Car reviews - Audi - TT - 2.0 TFSI quattro Coupe
Brilliant engine, perhaps Audi’s best DSG application, usual TT design merits, versatility, exquisiteness of craftsmanship, beautiful interior, super-smooth drivetrain, great economy, surefooted performance
Room for improvement
Firm ride, expensive desirable options, sometimes DSG can be abrupt with delays, useless rear seat for adults
1 Oct 2009
TODAY’S second-generation Audi TT is like Brad Pitt in Babel or Inglourious Basterds – ageing nicely but with more substance than ever.
By contrast, the wayward 1998 original’s VW Golf IV-based underpinnings were the acting craft’s equivalent of Jennifer Aniston ...
With some Audis of late, less is more.
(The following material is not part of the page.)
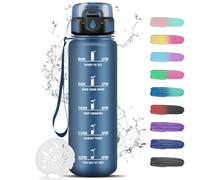 Grsta 1 Litre Sports Water Bottle with Filter, Leak-Proof, Wide Mouth, Carrying Loop, Perfect for Sports, Travel, School, Yoga, Fitness, Outdoor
Bigger engines and extra kit seem to tip the fragile steering and ride balance on the latest A4 for instance, and the same applies to today’s TT. On this Golf V-based Audi TT, going for the lean and lithe four-cylinder version is a no-brainer for people who love to drive.
However, for Australian TT buyers, AWD has until now been the provenance only of the heavier 3.2 V6 quattro, leaving the four-pot as a front-drive-only proposition.
The super 147kW/280Nm 2.0-litre TFSI four-cylinder turbo petrol powerplant pilfered from the Golf GTI was left without the Haldex all-wheel-drive system (that the Ingolstadt firm misleadingly refers to ‘quattro’ since it does not have the Torsen differential of the larger models).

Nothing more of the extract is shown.